The ocean on the west coast of the United States is the Pacific Ocean, the largest ocean and the largest single feature on Earth, covering about 63.8 million square miles, larger than all the continents combined and accounting for about 46 percent of all ocean water. The Pacific borders five U.S. states (California, Oregon, Washington, Alaska, and Hawaii) and several U.S. Pacific territories (American Samoa, Guam, the Northern Mariana Islands, and several smaller islands and atolls). The contiguous Pacific coastline runs about 1,293 miles from the Strait of Juan de Fuca on the Washington-Canada border to the U.S.-Mexico border at Imperial Beach south of San Diego. Alaska's Pacific coastline including the Aleutian Islands stretches more than 6,640 miles, and Hawaii adds another 750 miles.

The Pacific separates the Americas from East Asia, Australia, and the Pacific Islands. Major U.S. Pacific ports include San Diego, Long Beach, Los Angeles, Oakland, San Francisco, Portland (on the Columbia River), Seattle, Tacoma, and Anchorage. The ports of Los Angeles and Long Beach together handle about 40 percent of all U.S. container imports, much of it from Asia.

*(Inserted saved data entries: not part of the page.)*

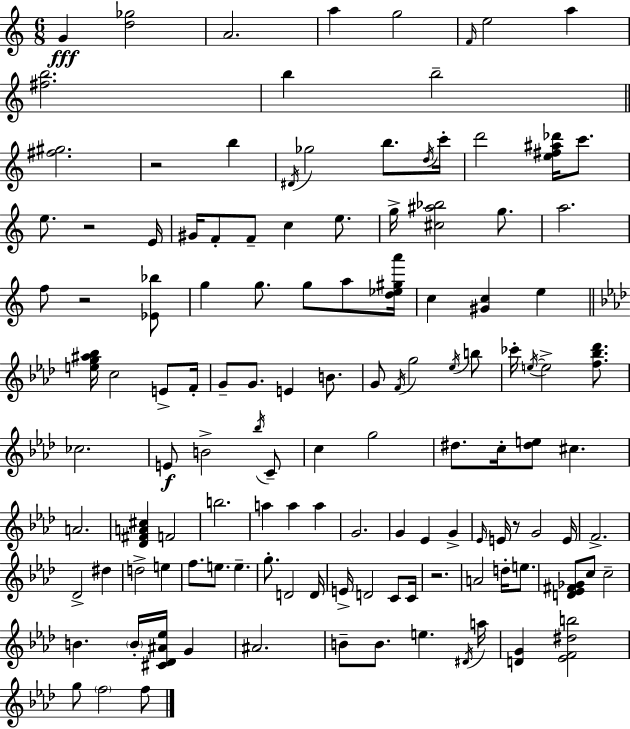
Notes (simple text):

G4/q [D5,Gb5]/h A4/h. A5/q G5/h F4/s E5/h A5/q [F#5,B5]/h. B5/q B5/h [F#5,G#5]/h. R/h B5/q D#4/s Gb5/h B5/e. D5/s C6/s D6/h [E5,F#5,A#5,Db6]/s C6/e. E5/e. R/h E4/s G#4/s F4/e F4/e C5/q E5/e. G5/s [C#5,A#5,Bb5]/h G5/e. A5/h. F5/e R/h [Eb4,Bb5]/e G5/q G5/e. G5/e A5/e [D5,Eb5,G#5,A6]/s C5/q [G#4,C5]/q E5/q [E5,G5,A#5,Bb5]/s C5/h E4/e F4/s G4/e G4/e. E4/q B4/e. G4/e F4/s G5/h Eb5/s B5/e CES6/s E5/s E5/h [F5,Bb5,Db6]/e. CES5/h. E4/e B4/h Bb5/s C4/e C5/q G5/h D#5/e. C5/s [D#5,E5]/e C#5/q. A4/h. [Db4,F#4,A4,C#5]/q F4/h B5/h. A5/q A5/q A5/q G4/h. G4/q Eb4/q G4/q Eb4/s E4/s R/e G4/h E4/s F4/h. Db4/h D#5/q D5/h E5/q F5/e. E5/e. E5/q. G5/e. D4/h D4/s E4/s D4/h C4/e C4/s R/h. A4/h D5/s E5/e. [D4,Eb4,F#4,Gb4]/e C5/e C5/h B4/q. B4/s [C#4,Db4,A#4,Eb5]/s G4/q A#4/h. B4/e B4/e. E5/q. D#4/s A5/s [D4,G4]/q [Eb4,F4,D#5,B5]/h G5/e F5/h F5/e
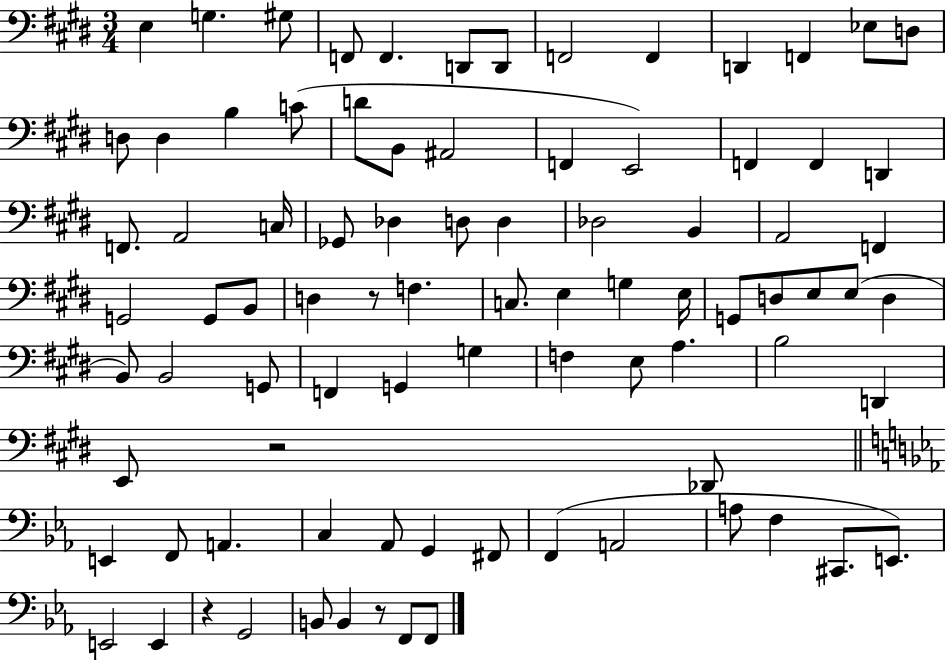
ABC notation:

X:1
T:Untitled
M:3/4
L:1/4
K:E
E, G, ^G,/2 F,,/2 F,, D,,/2 D,,/2 F,,2 F,, D,, F,, _E,/2 D,/2 D,/2 D, B, C/2 D/2 B,,/2 ^A,,2 F,, E,,2 F,, F,, D,, F,,/2 A,,2 C,/4 _G,,/2 _D, D,/2 D, _D,2 B,, A,,2 F,, G,,2 G,,/2 B,,/2 D, z/2 F, C,/2 E, G, E,/4 G,,/2 D,/2 E,/2 E,/2 D, B,,/2 B,,2 G,,/2 F,, G,, G, F, E,/2 A, B,2 D,, E,,/2 z2 _D,,/2 E,, F,,/2 A,, C, _A,,/2 G,, ^F,,/2 F,, A,,2 A,/2 F, ^C,,/2 E,,/2 E,,2 E,, z G,,2 B,,/2 B,, z/2 F,,/2 F,,/2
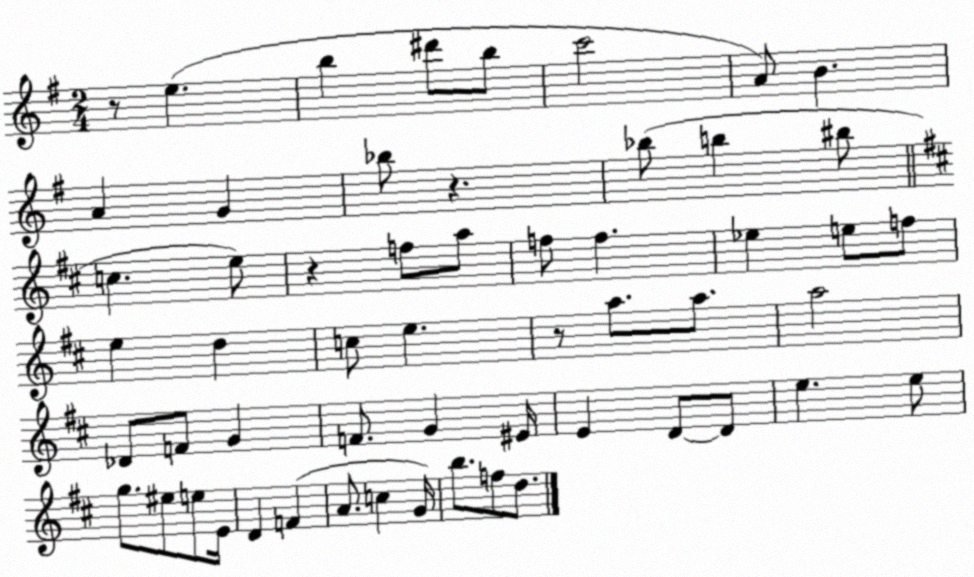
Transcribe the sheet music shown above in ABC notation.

X:1
T:Untitled
M:2/4
L:1/4
K:G
z/2 e b ^d'/2 b/2 c'2 A/2 B A G _b/2 z _b/2 b ^b/2 c e/2 z f/2 a/2 f/2 f _e e/2 f/2 e d c/2 e z/2 a/2 a/2 a2 _D/2 F/2 G F/2 G ^E/4 E D/2 D/2 e e/2 g/2 ^e/2 e/2 E/4 D F A/2 c G/4 b/2 f/2 d/2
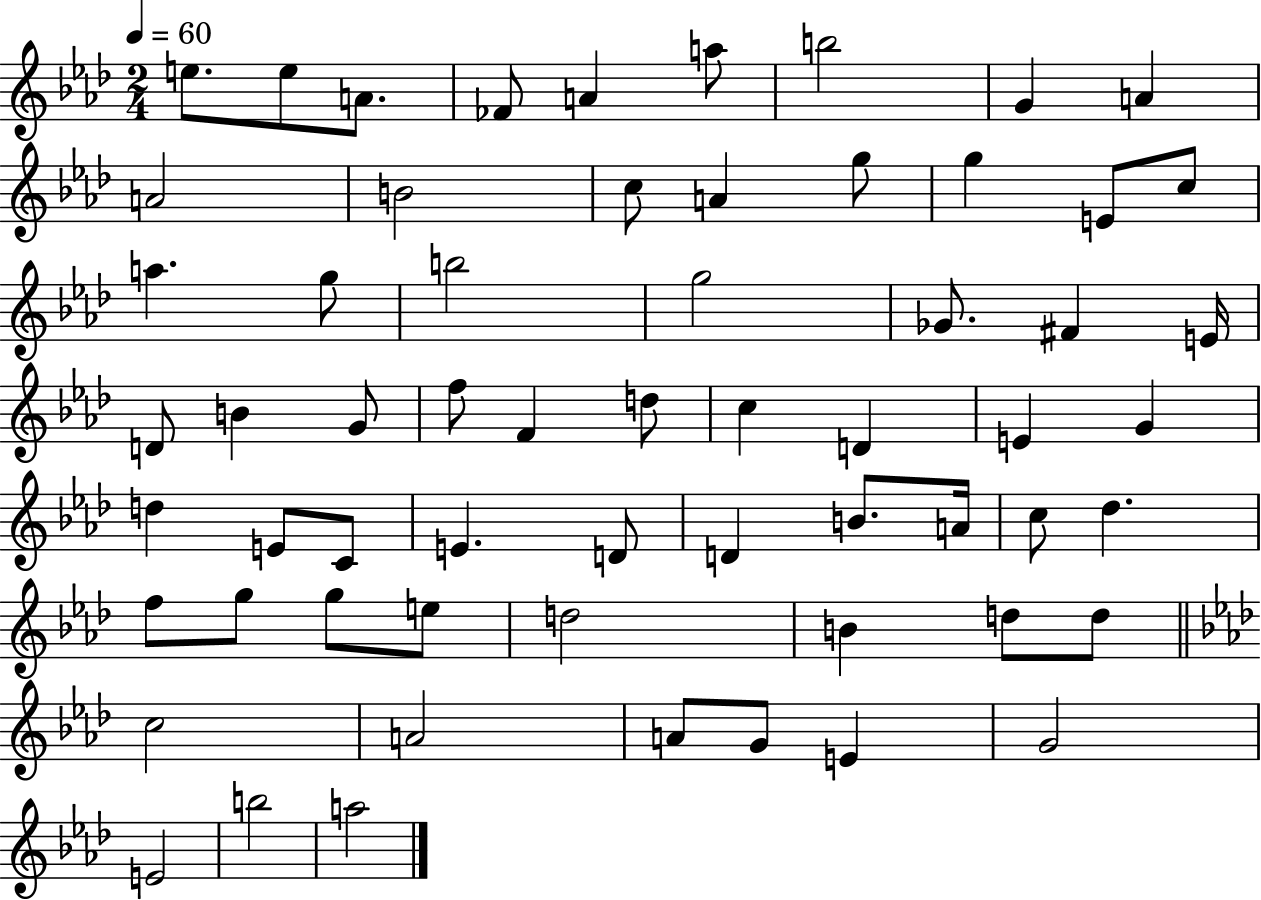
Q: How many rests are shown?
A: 0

The Pacific is geologically active. The Ring of Fire is a horseshoe-shaped band of volcanoes and earthquake zones around the rim of the Pacific, including the Cascade volcanoes in Washington and Oregon (Mount Rainier, Mount St. Helens which erupted on May 18, 1980, Mount Hood) and the Aleutian volcanoes of Alaska. The San Andreas Fault in California marks the boundary between the Pacific and North American tectonic plates and produces frequent earthquakes including the famous 1906 San Francisco earthquake and the 1989 Loma Prieta earthquake.

The Pacific has shaped American history and culture. Ferdinand Magellan named the ocean Mar Pacifico (peaceful sea) during his 1520 to 1521 expedition. American settlers reached the Pacific Northwest along the Oregon Trail in the 1840s, the Pacific coast of California through the Gold Rush of 1848 to 1855, and the trans-Pacific arc through the annexation of Hawaii in 1898 and the Spanish-American War of the same year acquiring the Philippines and Guam. World War II in the Pacific from December 7, 1941 to August 15, 1945 produced major battles at Pearl Harbor, Midway, Guadalcanal, Iwo Jima, and Okinawa. The Pacific Rim economies of China, Japan, Korea, and others became central to American trade in the late twentieth century.

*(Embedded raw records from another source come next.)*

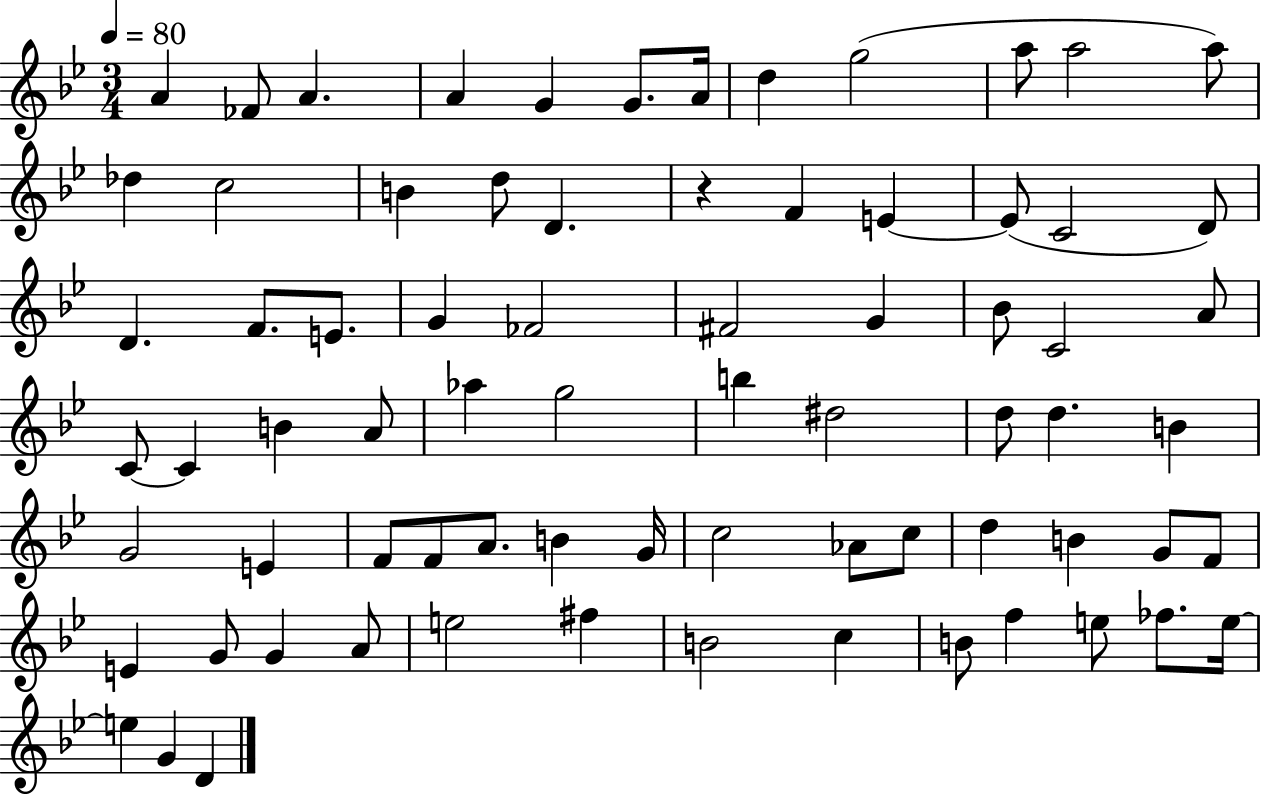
X:1
T:Untitled
M:3/4
L:1/4
K:Bb
A _F/2 A A G G/2 A/4 d g2 a/2 a2 a/2 _d c2 B d/2 D z F E E/2 C2 D/2 D F/2 E/2 G _F2 ^F2 G _B/2 C2 A/2 C/2 C B A/2 _a g2 b ^d2 d/2 d B G2 E F/2 F/2 A/2 B G/4 c2 _A/2 c/2 d B G/2 F/2 E G/2 G A/2 e2 ^f B2 c B/2 f e/2 _f/2 e/4 e G D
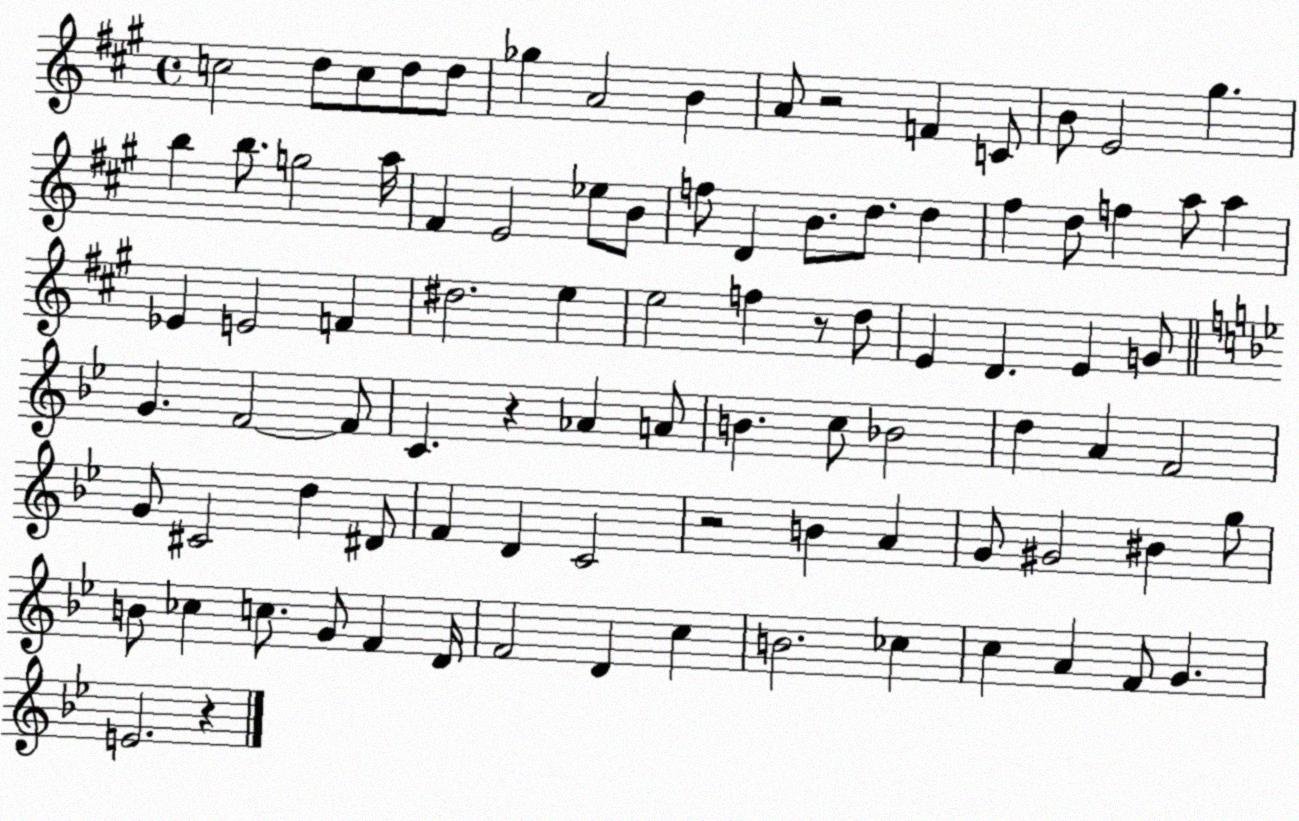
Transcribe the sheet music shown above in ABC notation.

X:1
T:Untitled
M:4/4
L:1/4
K:A
c2 d/2 c/2 d/2 d/2 _g A2 B A/2 z2 F C/2 B/2 E2 ^g b b/2 g2 a/4 ^F E2 _e/2 B/2 f/2 D B/2 d/2 d ^f d/2 f a/2 a _E E2 F ^d2 e e2 f z/2 d/2 E D E G/2 G F2 F/2 C z _A A/2 B c/2 _B2 d A F2 G/2 ^C2 d ^D/2 F D C2 z2 B A G/2 ^G2 ^B g/2 B/2 _c c/2 G/2 F D/4 F2 D c B2 _c c A F/2 G E2 z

The Pacific contains American territory at the international date line, including American Samoa and the Howland and Baker islands. The U.S. claims a 200 nautical mile Exclusive Economic Zone along its Pacific coastline, including very large zones around Hawaii and the Pacific territories.

Why this matters for your test

Knowing the Pacific is on the West Coast orients applicants to U. S. geography.

The Pacific also shapes American foreign policy, immigration patterns, and economic relations with Asia.